The work of RTS draws communities together in extraordinarily unique and touching ways. “The best feedback from our work is what a transformational, restorative, and hopeful spark that our projects bring into our community members’ lives. I think part of the magic has to do with neighbors connecting to neighbors – we’re bringing together volunteers, whether someone comes as an individual or with one of our business or civic partners, that live, work, and enjoy the neighborhoods and communities that the people they are supporting have contributed to making so special.”
At this time, RTS has reevaluated their year ahead, but their goals remain high. For the time being, they have had to suspend their programs and are canceling their May fundraiser breakfast.
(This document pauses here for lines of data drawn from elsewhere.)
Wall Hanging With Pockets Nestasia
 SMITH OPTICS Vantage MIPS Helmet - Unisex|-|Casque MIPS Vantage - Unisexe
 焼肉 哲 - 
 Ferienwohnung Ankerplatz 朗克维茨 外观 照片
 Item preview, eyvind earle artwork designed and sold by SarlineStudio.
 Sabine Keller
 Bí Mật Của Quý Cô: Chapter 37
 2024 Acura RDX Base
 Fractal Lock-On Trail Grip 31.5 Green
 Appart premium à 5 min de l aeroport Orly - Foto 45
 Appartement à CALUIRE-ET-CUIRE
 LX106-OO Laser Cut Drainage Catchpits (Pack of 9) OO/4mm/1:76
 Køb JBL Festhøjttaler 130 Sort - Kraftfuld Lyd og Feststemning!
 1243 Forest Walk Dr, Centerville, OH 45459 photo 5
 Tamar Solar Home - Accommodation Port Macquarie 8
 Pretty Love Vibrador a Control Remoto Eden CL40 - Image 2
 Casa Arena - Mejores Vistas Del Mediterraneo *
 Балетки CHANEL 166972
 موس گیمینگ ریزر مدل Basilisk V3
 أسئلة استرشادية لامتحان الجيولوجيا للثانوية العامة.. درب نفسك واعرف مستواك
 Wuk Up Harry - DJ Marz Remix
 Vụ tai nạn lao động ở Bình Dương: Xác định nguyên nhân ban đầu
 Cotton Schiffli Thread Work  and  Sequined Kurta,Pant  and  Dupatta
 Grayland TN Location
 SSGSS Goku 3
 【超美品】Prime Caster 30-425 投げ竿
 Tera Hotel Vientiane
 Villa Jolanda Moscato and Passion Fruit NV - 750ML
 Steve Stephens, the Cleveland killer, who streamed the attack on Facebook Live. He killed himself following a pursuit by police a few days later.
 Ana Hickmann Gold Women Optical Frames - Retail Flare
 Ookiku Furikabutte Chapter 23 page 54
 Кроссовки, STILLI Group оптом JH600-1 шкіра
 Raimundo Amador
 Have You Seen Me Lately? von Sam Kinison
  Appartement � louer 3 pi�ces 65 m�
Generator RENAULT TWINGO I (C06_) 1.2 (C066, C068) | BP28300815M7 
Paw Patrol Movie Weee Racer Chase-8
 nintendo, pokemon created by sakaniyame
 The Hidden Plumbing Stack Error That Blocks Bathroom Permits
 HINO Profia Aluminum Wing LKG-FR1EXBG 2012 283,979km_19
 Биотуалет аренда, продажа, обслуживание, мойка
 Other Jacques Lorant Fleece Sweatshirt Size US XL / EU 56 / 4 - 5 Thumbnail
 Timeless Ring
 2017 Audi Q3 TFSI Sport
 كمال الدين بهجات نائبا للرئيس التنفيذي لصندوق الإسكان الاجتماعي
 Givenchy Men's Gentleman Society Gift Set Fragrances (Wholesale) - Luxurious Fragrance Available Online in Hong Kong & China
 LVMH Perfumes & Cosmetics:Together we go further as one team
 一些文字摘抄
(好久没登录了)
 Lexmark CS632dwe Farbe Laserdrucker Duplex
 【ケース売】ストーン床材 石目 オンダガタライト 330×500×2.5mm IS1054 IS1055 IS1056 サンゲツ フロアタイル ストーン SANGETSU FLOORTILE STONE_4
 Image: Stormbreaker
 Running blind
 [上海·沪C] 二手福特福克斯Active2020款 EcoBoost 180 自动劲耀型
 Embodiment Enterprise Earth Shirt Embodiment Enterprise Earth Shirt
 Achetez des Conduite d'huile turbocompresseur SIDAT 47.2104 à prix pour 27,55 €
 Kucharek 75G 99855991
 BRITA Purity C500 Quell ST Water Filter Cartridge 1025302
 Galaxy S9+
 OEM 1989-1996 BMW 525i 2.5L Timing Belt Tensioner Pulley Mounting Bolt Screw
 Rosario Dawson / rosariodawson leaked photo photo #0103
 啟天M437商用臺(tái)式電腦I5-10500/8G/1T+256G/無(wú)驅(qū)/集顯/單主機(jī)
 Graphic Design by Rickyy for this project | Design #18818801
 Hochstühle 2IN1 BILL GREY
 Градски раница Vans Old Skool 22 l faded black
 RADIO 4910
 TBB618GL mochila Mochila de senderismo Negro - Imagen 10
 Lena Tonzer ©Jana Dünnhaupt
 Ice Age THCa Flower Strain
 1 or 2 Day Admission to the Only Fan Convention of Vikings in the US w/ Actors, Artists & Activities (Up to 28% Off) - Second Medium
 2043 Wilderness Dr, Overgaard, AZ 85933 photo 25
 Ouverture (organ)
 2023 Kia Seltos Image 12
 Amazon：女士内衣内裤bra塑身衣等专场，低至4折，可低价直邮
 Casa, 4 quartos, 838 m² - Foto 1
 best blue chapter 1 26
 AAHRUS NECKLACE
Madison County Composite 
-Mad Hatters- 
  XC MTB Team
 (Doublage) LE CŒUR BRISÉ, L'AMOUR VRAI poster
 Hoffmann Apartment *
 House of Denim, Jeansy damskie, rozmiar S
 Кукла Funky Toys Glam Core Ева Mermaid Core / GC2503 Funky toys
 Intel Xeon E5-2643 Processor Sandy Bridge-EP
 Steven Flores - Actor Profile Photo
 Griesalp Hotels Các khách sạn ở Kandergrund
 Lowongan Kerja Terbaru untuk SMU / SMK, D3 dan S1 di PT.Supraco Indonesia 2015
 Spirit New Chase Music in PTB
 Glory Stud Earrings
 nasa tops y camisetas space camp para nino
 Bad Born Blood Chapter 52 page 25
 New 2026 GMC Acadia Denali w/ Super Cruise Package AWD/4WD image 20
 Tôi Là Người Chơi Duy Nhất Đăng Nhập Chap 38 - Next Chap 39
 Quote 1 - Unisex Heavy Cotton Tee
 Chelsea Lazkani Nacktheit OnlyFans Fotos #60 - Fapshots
They are working to reschedule National Rebuilding Day, a month-long call to service in which nearly 40,000 volunteers complete 1,600 Rebuilding Together affiliate-led projects across the country. Caleb says they remain hopeful that RTS will be able to still meet their goals in full, which means reaching more than 200 households in 2020 for their sixth straight year!
The vast majority of RTS’ work is done by volunteers. With just three staff and three AmeriCorps members, they recruit volunteers with all types of skills, including folks that can help diversify the talent and experience on the RTS Board, people with construction expertise, people with specialized skills such as marketing/graphic design, IT, etc. that can help with committee-type work, and other general volunteers of all walks that are ready to advance their mission. Furthermore, you can reach out to Rebuilding Together Seattle if you assist low-income homeowners, or are a nonprofit that could use help yourselves.
Over 98% of RTS funding comes from individual donations, businesses, and civic groups with less than 2% drawing from public funding sources that are so important to many other important causes. “We’ve always been proud of that fact, but in times like this, when we don’t have companies and organizations funding and joining our projects, and when we have to cancel fundraising events, we especially need those supporters who can to step up and back under-funded organizations like ours,” explained Caleb.
To best stay connected to Rebuilding Together Seattle’s efforts, sign up for their newsletter and hold Friday, October 2nd on your calendar for RTS’s Beer & Wine Tasting. RTS welcomes, “We would love to have a max capacity turnout, regardless of your past involvement or individual giving capacity.”
While we cannot gather in person to traditionally show up for one another right now, Rebuilding Together Seattle demonstrates how collective efforts can have a lasting impact on our communities for years to come. Thank you for all you do, Rebuilding Together Seattle!